Ebu Huzeyfe: Allah’ın anayasasının dışında tercih edilen bir şirk anayasasına sevinmek sizin için basit ve pire gibi küçük bir amel olabilir lakin bizim için kanlarımızı akıttığımız en büyük konulardan birisidir. Cımbızla da seçilen bir cümle yoktur. Yazının tüm muhtevası ortadadır ve yazılış maksadı izaha bile gerek duymayacak kadar açıktır. Bu kadar netliğe rağmen yazıyı savunmaya kalkışmanız sizlerin sapıklıkta ne denli derinleştiğinizi ortaya koymaktadır.

Ebu Cafer: “Sekizincisi HTŞ diğer cemaatler gibi isabet ve hata yapmaktadırlar. Hatalarına bizler gibi binlerce mücahid kızmaktadır. İsabetlerine sevinmekteyiz. Rabbim cümlemizi hakka yönlendirsin. Doğru yolda ayaklarımıza sebat versin.”

Ebu Huzeyfe: Yapılan basit bir hata ise elbette nasihat edilir ama yapılan hata küfür boyutunda ise bu konuda tavrın elbette daha farklı olması gerekir.

Allah azze ve celle, sizlere hidayet etsin. Sizlere hidayet etmeyecekse, sizleri boğazlayarak, Allah’ın arzından silmeyi bizlere nasip etsin.

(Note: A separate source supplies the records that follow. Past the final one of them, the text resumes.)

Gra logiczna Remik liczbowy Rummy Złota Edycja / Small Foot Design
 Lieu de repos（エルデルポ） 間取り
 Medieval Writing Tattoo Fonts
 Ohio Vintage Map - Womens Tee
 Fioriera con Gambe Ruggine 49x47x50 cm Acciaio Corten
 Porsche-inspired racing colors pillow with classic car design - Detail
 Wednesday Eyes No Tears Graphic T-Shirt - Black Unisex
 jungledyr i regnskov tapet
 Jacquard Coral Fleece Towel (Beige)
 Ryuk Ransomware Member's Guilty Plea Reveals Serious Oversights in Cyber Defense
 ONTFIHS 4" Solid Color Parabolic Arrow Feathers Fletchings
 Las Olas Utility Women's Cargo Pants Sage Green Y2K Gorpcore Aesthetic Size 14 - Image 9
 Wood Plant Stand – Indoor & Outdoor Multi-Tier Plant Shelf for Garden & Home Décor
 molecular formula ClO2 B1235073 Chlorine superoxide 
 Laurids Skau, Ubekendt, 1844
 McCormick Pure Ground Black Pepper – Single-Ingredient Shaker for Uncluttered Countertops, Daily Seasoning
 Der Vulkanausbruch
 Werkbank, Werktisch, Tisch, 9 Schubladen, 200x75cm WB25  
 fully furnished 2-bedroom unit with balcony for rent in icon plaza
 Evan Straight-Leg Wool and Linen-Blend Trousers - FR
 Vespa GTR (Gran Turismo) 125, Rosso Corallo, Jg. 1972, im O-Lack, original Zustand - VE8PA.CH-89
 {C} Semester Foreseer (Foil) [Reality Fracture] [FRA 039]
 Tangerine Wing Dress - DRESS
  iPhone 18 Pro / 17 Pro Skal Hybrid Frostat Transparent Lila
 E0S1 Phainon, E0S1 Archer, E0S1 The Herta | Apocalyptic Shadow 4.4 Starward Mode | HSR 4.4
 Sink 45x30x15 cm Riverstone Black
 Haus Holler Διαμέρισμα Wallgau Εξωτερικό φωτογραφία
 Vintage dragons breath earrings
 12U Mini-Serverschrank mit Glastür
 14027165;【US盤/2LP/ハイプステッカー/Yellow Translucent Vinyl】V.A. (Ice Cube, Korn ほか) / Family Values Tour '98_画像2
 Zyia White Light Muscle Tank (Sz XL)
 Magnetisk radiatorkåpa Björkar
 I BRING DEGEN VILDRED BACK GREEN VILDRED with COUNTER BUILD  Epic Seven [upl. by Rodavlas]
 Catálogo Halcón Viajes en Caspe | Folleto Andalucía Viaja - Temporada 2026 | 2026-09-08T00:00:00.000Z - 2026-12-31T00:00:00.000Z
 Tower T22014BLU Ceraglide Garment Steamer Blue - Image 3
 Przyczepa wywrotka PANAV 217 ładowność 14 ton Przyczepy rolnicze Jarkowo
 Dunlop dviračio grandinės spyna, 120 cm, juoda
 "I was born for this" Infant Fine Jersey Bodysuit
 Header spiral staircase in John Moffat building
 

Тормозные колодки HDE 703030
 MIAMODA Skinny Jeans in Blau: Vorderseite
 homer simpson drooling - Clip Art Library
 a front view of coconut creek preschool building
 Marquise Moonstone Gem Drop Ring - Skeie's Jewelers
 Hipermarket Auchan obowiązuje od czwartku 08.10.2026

(Not: Bizler, bu reddiyede sizin içinde bulunduğunuz tüm şirk ve küfürleri açıklamıyoruz. Bilakis, sizin içinde bulunduğunuz onlarca küfür ve riddet çeşitleri Müslümanlarca bilinmektedir. Biz sadece bu yazıya binaen göstermiş olduğunuz küfrü ortaya koymak istedik.)